Slow performance in data steward application
How to troubleshoot when end users complain that the data steward application is very slow - including taking more than 10 seconds to open a Business View (BV), taking more than 1 minute to check out records in a duplicate management workflow, etc.
Slow BVs / Slow navigating through the data
Step 1: Collect information
- Turn on logging for the data steward application.
- Gather benchmarks metrics to track what is slow. Time however long it takes to perform the task that the customer complains is sluggish.
- For example, pick a BV. Open the golden data view only. See error log for how long that task took and retrieve the SQL that ran.
- Run the SQL in SQL Developer. Does it take the same amount of time to execute as it does in Semarchy?
- Get the an explain plan.
Top culprit for slow performance in a Collection: Sorting
Sort is a highly suspicious component that might be causing bad performance. Sorting requires ordering and the order by is a very expensive task that can cause the application to slow down significantly. The use of an index can have an enormous beneficial impact.
Oracle example: Look at the "Sort order by stopkey" cost. Does it seem like a higher cost than the other tasks (like joins) in the explain plan?
PostgreSQL and MS SQL Server have different syntax, but the same concept applies.
To test, remove the order by statement. Execution now takes much less than 10 seconds?
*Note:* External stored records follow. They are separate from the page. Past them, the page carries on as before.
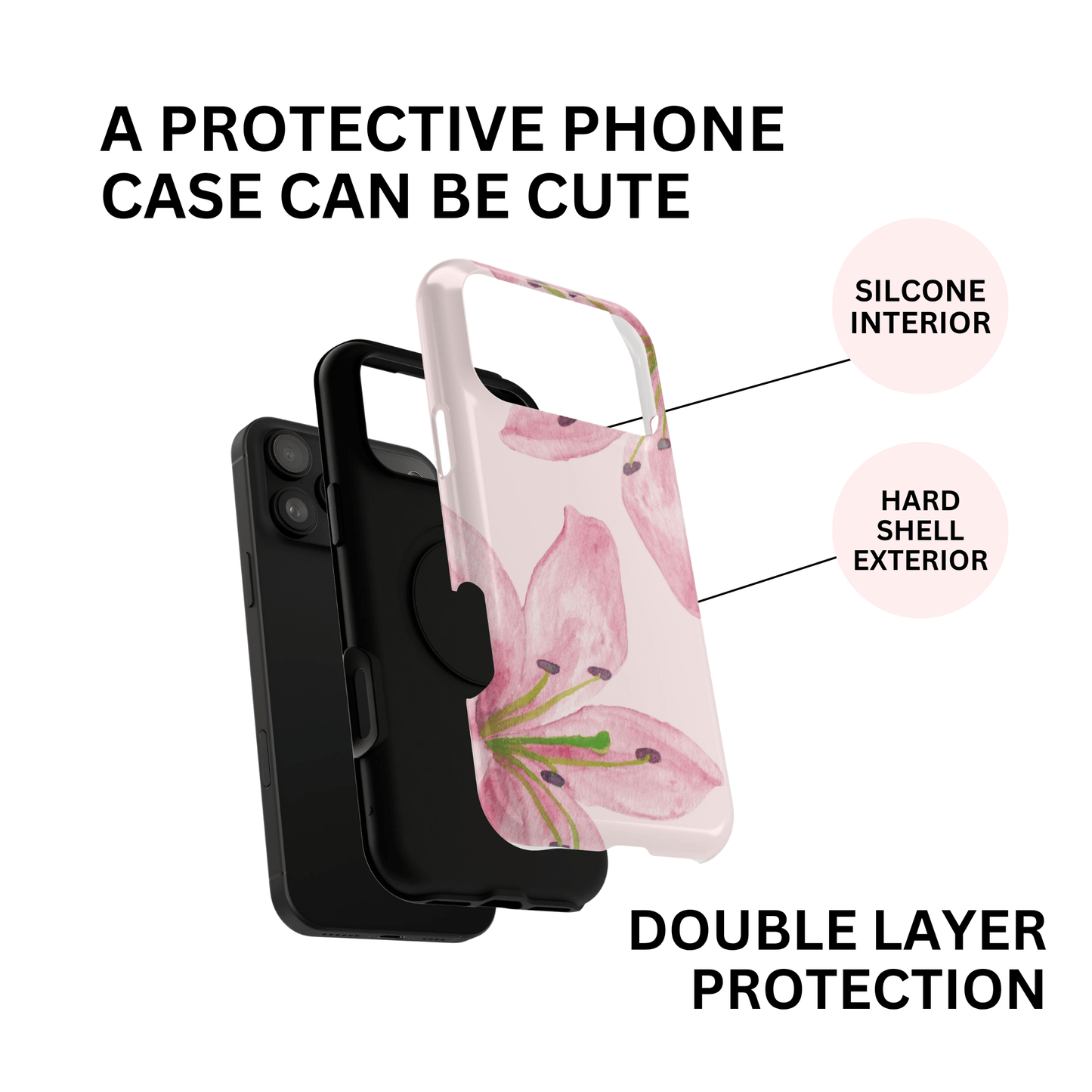 Sweet Lily - Layreen Cases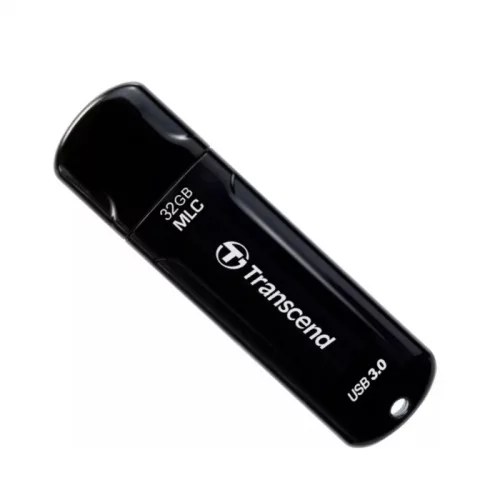 Флеш-накопитель/ Transcend 32GB JETFLASH 750, black (TS32GJF750K)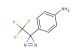 4-(3-(trifluoromethyl)-3H-diazirin-3-yl)aniline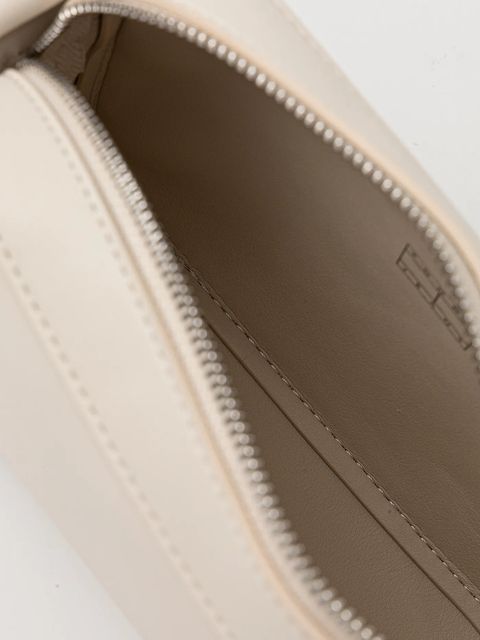 Tommy Jeans torebka kolor beżowy AW0AW17872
You are probably experiencing an issue with sorting.
Top culprit for slow performance in a Form: Embedded Collections
Embedded collections require many queries.
Step 2: Troubleshooting in Semarchy
- Open the BV in the workbench. Under "Collection Configuration", look at Customized Sort. Are there any attributes sorted? If yes, remove all attributes. This should increase speed of application because the BV will now rely on default sorting based on the ID. This will normally be faster because it is indexed.
Alternative: It's possible to manually add an index in the database schema. If your users have an important business need for the Customized Sort, then keep the sort. And add an index to provide good performance for this sort. - Open the BV in the workbench. Under "Collection Configuration", look at "User-Defined Sort". Is user-defined sorting allowed? If so, it's possible for users to set sorts that may perform poorly.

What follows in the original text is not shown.